Plutôt feutré sur ses suspensions pneumatiques, l’Aviator prétend atténuer les secousses associées au passage du véhicule dans un nid-de-poule. Le concept est ingénieux – une caméra se charge de les repérer aux loin et adapte les suspensions en conséquence – pour peu que les attentes ne soient pas trop élevées. Force est de reconnaître que la taille des nids-de-poule au Québec est parfois bien distincte de celle que l’on retrouve ailleurs. Mais pour peu que la chaussée soit pavée correctement, l’Aviator semble glisser sur la route et procure des sensations saines et agréables, à défaut d’être réellement enthousiasmantes.

Il se distingue aussi par son freinage efficace. En ville, son encombrement n’est pas trop gênant, malgré un diamètre de braquage qui ne facilite pas toujours les manœuvres dans les espaces restreints. Une aide au stationnement est proposée en option.

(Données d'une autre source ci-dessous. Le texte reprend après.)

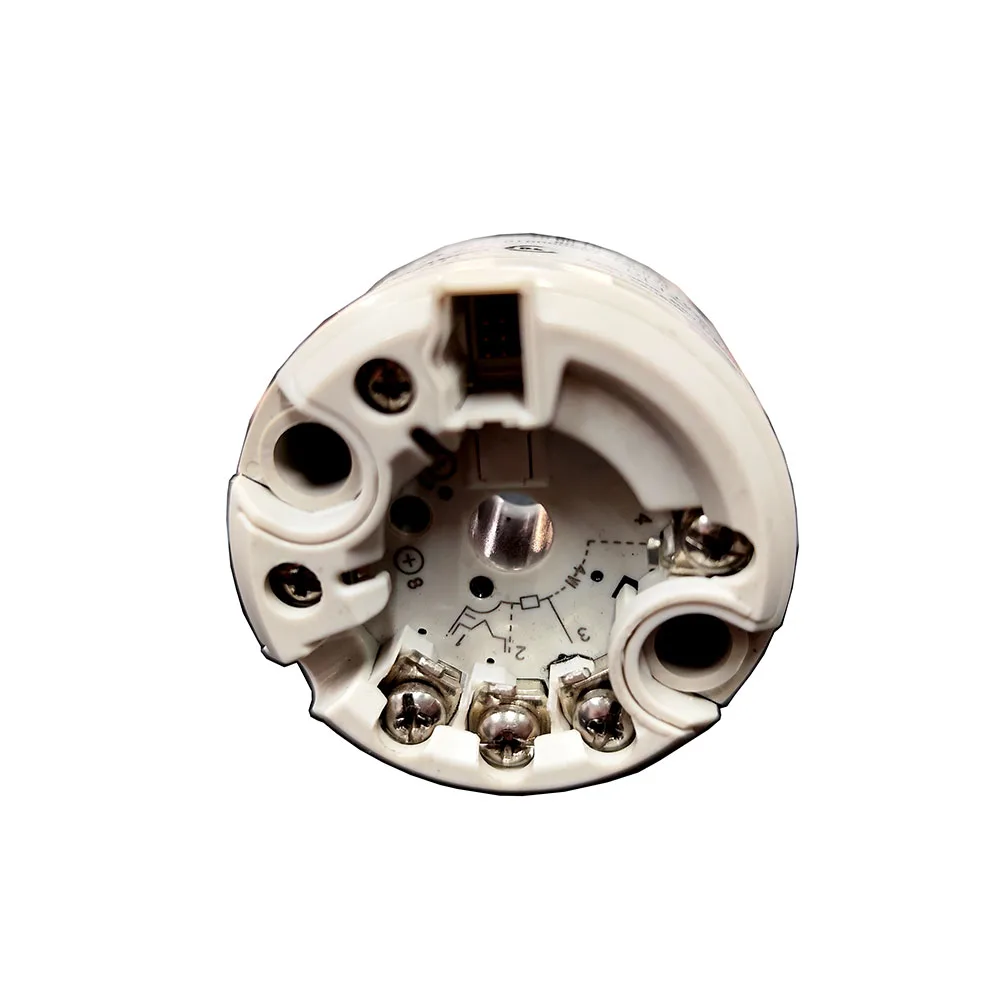 Módulo transmisor de temperatura TTH200 Sensor de temperatura AbbTth200 Tth300 Transmisor de temperatura de montaje en cabeza de 4-20ma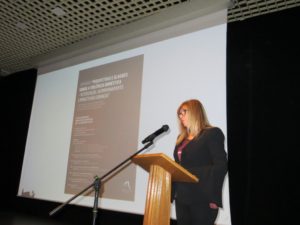 Seminário-“Perspetivas-e-olhares-sobre-a-Violência-Doméstica-–-Intervenção-Acompanhamento-e-Impacto-nas-Crianças”-2-300x225 Mangualde recebeu seminário sobre Violência Doméstica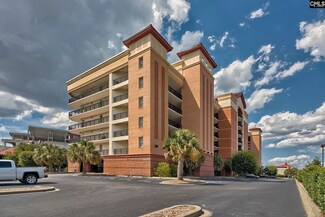 1100 Bluff Rd Unit 614, Columbia, SC 29201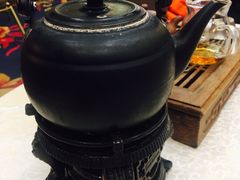 -顺德人家食府(黄金广场店)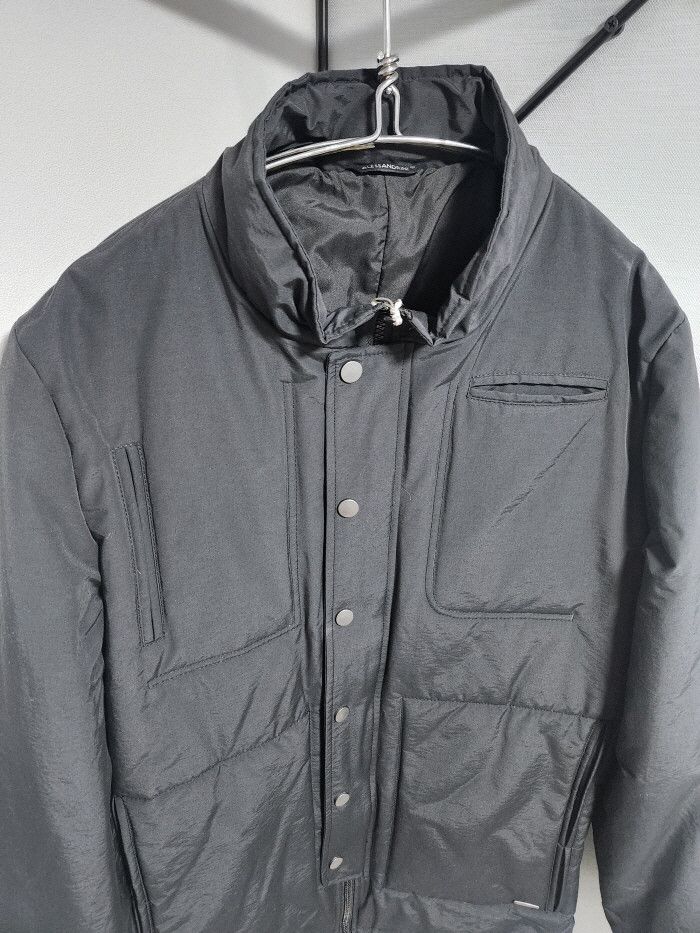 Daniele Alessandrini Daniele alessandrini homme couture paris bomber Size US M / EU 48-50 / 2 - 3 Thumbnail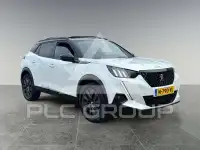 2021 Peugeot 2008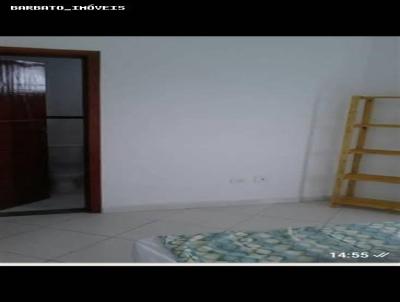 Apartamento 2 Quartos para Venda, em Praia Grande, bairro Vila Mirim, 2 dormitrios, 1 banheiro, 1 sute, 1 vaga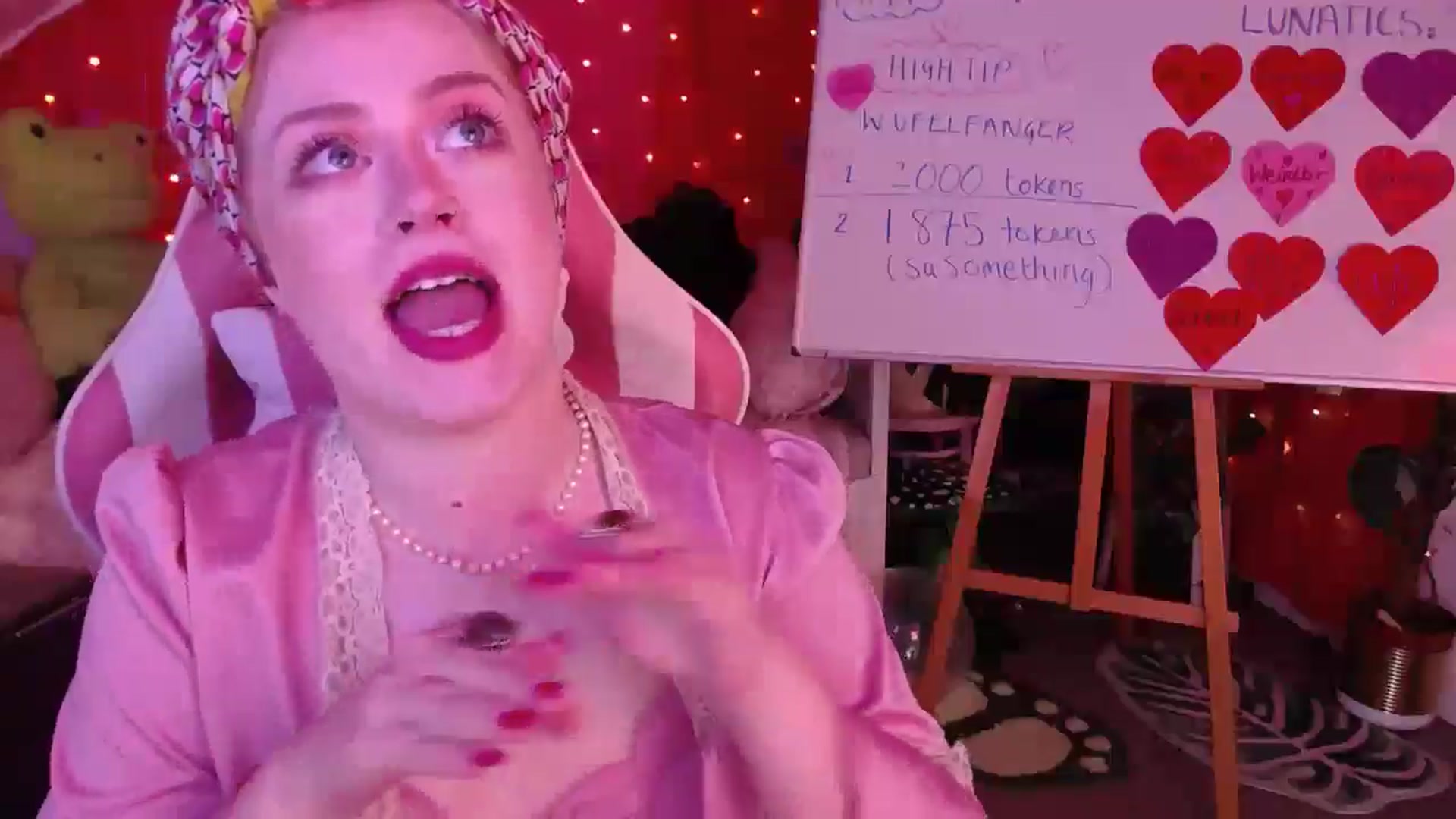 Gallery image thumbnail from LunaRoux's myfreecams stream on, 02/25/2026, 22:03 image 14 of 20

Modes Excite et Éco pas très utiles

La direction offre un ressenti suffisant pour l’inscrire sans appréhension dans les virages. À ce chapitre, comme tous les véhicules de cette catégorie, il est possible de configurer plusieurs éléments dont, notamment, la réponse de l’accélérateur et de la boîte de vitesse, pour vivre l’expérience recherchée au volant. Disons-le tout net, il n’y a guère de différence, alors pourquoi ne pas prioriser le mode « normal », le plus homogène ? En mode « Excite », la boîte à 10 rapports, au demeurant agréable et doublée d’inutiles palettes au volant, hache grossièrement les vitesses, tandis que le mode « Eco » les fait languir.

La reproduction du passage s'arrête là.